_What the task asks_. Quote every line below exactly and skip any picture.

_Supplied data_.
####

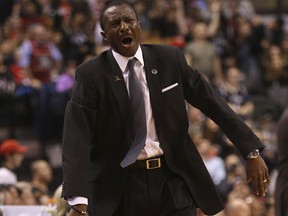 Dwane Casey against the Pacers on Dec. 1, 2017 (JACK BOLAND/POSTMEDIA)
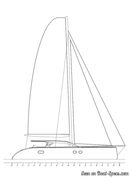 Ice Yachts Ice Cat 61 plan de voilure Image issue de la documentation commerciale © Ice Yachts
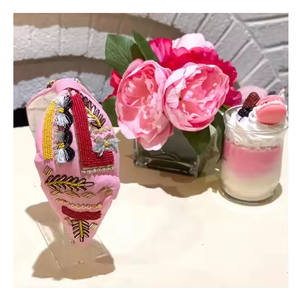 Diademas con cuentas de colores hermosos y elegantes de nailon de calidad superior para el último día del juego, diademas con cuentas para niñas a la venta - Product Image 1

####

_Output_.
 Dwane Casey against the Pacers on Dec. 1, 2017 (JACK BOLAND/POSTMEDIA)
 Ice Yachts Ice Cat 61 plan de voilure Image issue de la documentation commerciale © Ice Yachts
 Diademas con cuentas de colores hermosos y elegantes de nailon de calidad superior para el último día del juego, diademas con cuentas para niñas a la venta - Product Image 1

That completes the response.